* **Directions for this task**
The entries are to be reproduced verbatim, with all pictures omitted.

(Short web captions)
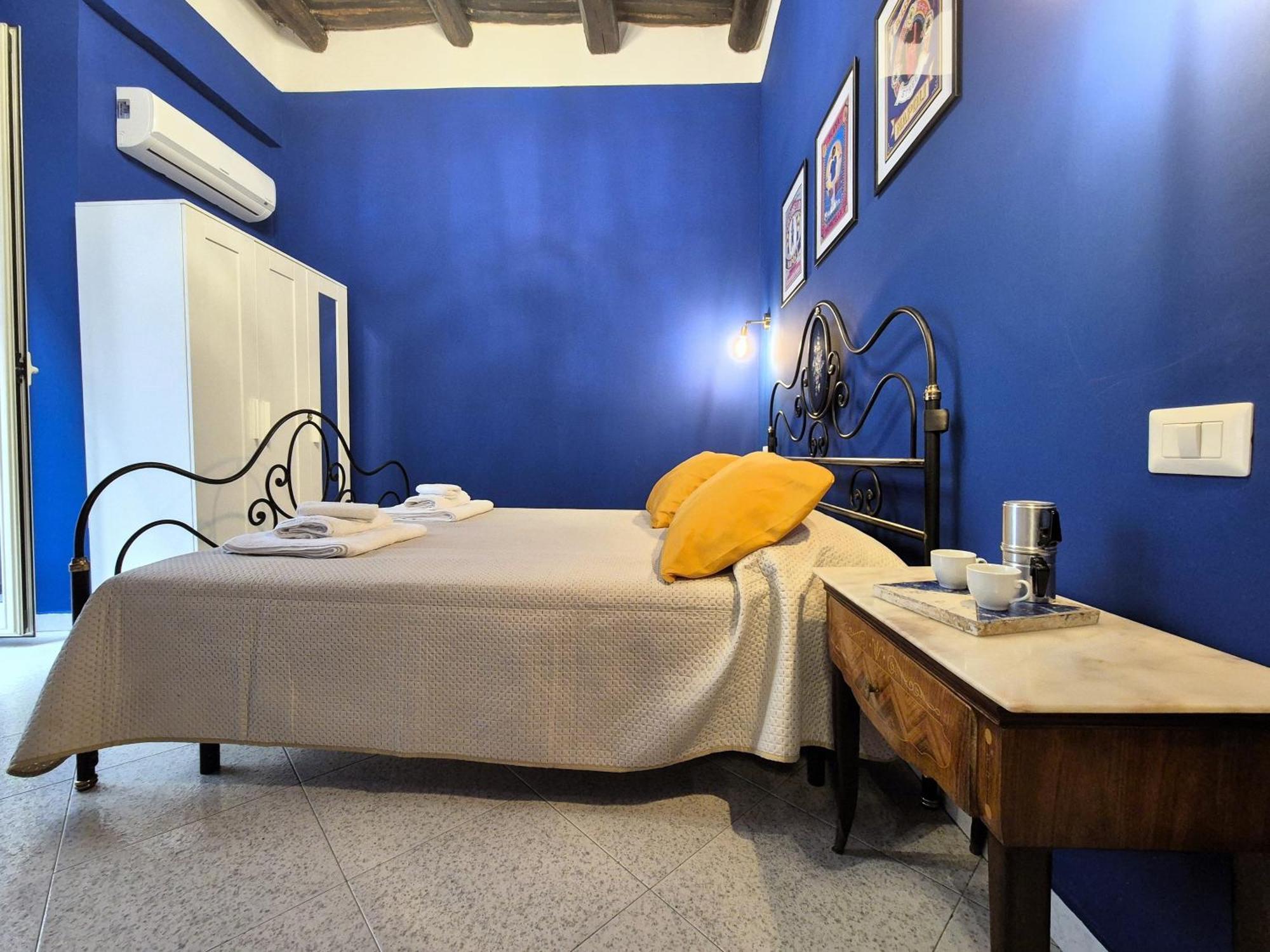 Villa Blue Soul Napoli Esterno foto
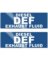 DEF (Diesel Exhaust Fluid) 2PK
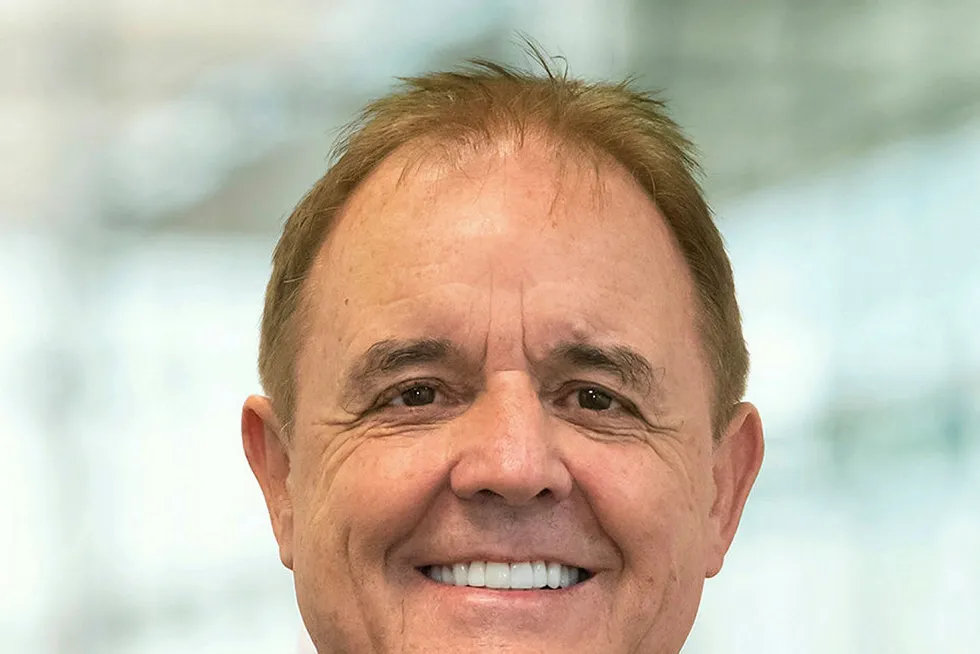 Counting the impact of Covid-19: Jadestone chief executive Paul Blakeley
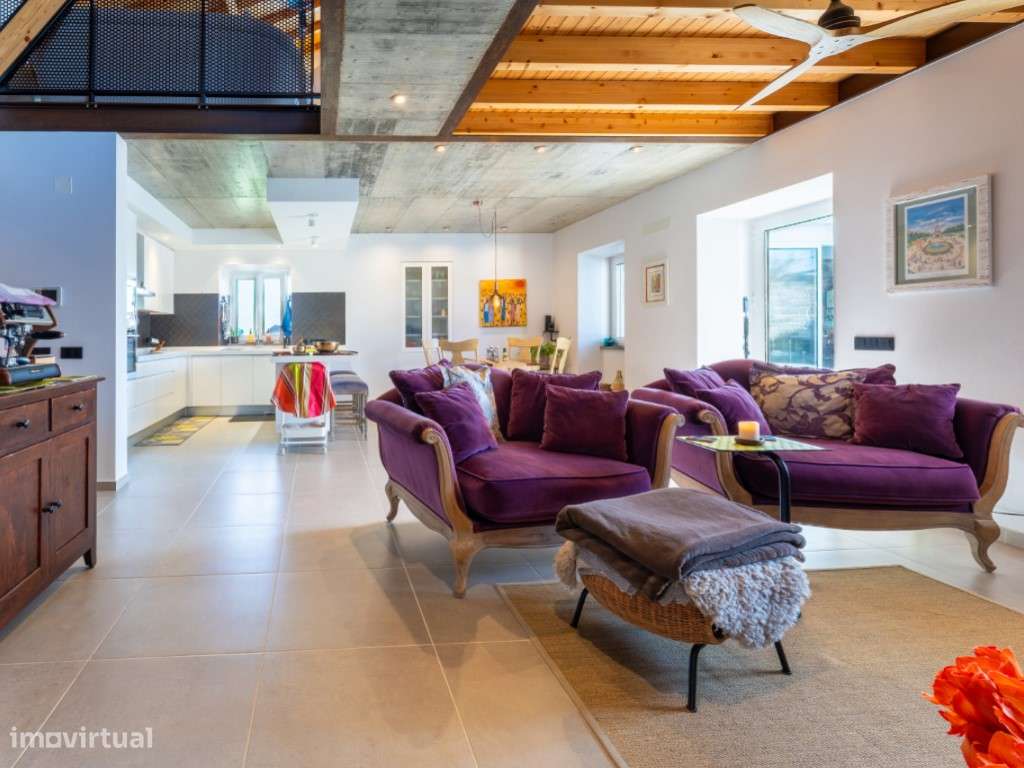 Moradia T3 com Piscina e Próxima do Mar na Serra do Bouro-9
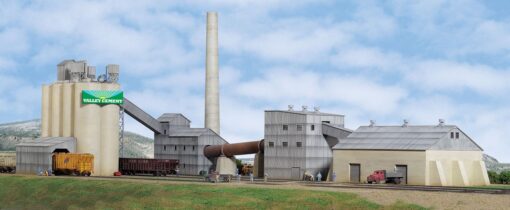 Walthers Cornerstone 3098  Valley Cement Plant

* **Task result**
 Villa Blue Soul Napoli Esterno foto
 DEF (Diesel Exhaust Fluid) 2PK
 Counting the impact of Covid-19: Jadestone chief executive Paul Blakeley
 Moradia T3 com Piscina e Próxima do Mar na Serra do Bouro-9
 Walthers Cornerstone 3098  Valley Cement Plant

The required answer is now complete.